Target sets exclu CDs from older artists
EmptyTarget Corp on Thursday said it will release exclusive CDs by artists like Kenny Loggins and David Cassidy in the latest example of stars "of a certain age" bypassing music labels to partner directly with retailers.
Target on Thursday said it partnered with an independent start-up music label, 180 Music, to release 15 adult contemporary CDs in all 1,449 stores on Feb. 25 for $9.99 each. Similar releases are set to follow, according to 180 Music founder and chief executive officer Jim Brandmeier.
Other store operators like Starbucks Corp have made a splash in the music business by releasing exclusive content under its Hear Music venture, while Wal-Mart Stores Inc. recently reached exclusive distribution deals with music icons like The Eagles and Garth Brooks.
Rock duo Hall & Oates also recently moved to release an independently-produced holiday CD exclusive to music retailer Trans World Entertainment Corp, which controls chains like Sam Goody and Strawberries Music.

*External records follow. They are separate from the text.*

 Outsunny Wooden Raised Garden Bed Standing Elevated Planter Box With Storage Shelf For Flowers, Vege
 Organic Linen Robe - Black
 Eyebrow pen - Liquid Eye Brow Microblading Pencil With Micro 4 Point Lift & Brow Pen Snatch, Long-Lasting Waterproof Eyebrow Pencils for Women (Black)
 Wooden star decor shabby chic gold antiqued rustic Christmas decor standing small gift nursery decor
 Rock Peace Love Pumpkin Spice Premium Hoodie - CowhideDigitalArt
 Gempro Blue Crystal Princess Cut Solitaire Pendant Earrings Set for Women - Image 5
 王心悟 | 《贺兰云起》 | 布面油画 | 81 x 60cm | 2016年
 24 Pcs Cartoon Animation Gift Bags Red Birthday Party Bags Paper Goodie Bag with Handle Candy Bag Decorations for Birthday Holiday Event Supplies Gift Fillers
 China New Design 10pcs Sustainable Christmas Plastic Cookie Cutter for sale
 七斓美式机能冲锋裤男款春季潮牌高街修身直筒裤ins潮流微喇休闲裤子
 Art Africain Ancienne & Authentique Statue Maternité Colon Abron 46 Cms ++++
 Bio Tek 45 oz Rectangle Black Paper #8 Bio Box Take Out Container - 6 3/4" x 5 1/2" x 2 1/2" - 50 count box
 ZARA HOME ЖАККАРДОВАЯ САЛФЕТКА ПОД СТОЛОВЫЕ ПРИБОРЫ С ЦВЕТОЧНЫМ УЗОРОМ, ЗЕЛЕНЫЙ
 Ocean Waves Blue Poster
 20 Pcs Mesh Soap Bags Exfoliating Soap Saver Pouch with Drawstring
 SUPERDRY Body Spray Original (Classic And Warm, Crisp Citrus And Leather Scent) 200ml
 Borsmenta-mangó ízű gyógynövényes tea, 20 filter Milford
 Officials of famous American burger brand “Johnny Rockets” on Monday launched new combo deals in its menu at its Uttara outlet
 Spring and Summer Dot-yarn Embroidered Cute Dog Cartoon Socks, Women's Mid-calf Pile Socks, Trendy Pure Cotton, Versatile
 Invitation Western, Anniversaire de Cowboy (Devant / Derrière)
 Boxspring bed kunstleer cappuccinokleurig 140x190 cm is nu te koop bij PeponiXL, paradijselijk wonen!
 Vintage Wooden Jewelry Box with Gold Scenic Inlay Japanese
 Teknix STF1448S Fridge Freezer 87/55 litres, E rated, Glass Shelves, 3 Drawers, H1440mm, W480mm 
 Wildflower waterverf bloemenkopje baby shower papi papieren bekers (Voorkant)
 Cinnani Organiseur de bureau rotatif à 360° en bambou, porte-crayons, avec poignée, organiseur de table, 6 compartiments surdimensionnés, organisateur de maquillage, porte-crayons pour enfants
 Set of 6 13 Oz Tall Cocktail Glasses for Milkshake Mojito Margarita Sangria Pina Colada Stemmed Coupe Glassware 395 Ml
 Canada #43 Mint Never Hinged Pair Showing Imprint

"A lot of legendary adult artists have been ignored and the adult audience has been ignored as well, so we're going to put those two things together for artists to express themselves," Brandmeier said, adding that Target plans only to release the series in physical form and not make it available digitally.
Included in the first 15 CDs to be released at Target are new albums by Loggins and Cassidy as well as a Phil Ramone-produced CD with new songs by legends like Carole King, Brian Wilson, Burt Bacharach, Kris Kristofferson, Willie Nelson, Richard Marx and others.
"Through 180 Music we are offering our guests Target exclusive one-of-a-kind albums that are sure to have something for everyone," said Darrell Tucker, vice president, Target.
Many of the major record labels have been struggling with an industrywide CD sales decline, forcing them to contract and slash many jobs in marketing and promotion. Various artists have also been dropped by labels as their sales have slowed to where the labels can no longer support them profitably.
While the growth of digital music sales on services like Apple Inc's iTunes has been the one industry bright spot, it still is not enough to offset the drop in physical CD sales. What's more, the Internet in certain ways has shifted the focus away from major labels, by making it easier for artists to sell directly to their fans without any middlemen.
For example, various artists have broken records on social networking sites like News Corp's MySpace.com.
Going with an independent label or a nontraditional distribution deal with a retailer can sometimes be more lucrative for an artist than a record deal, offering a chance to reap a bigger share of record sales than the standard $1 to $2 per album, industry experts said.
Brandmeier of 180 would not disclose terms of the artist deals, but said they were more flexible than standard label deals, which often require multiple album commitments.
"Artists get more freedom. It's a change from the regular business model. We don't want to tie people down," he said.
To be sure, many of the major labels are reexamining the way they do business to address changes in the marketplace, their relationship with artists and brands and retailers.
"For our survival and success, we need to get familiar with all the ancillary revenue streams," said David Ring, senior vp business affairs and development for Vivendi's Universal Music Group, the No. 1 music company.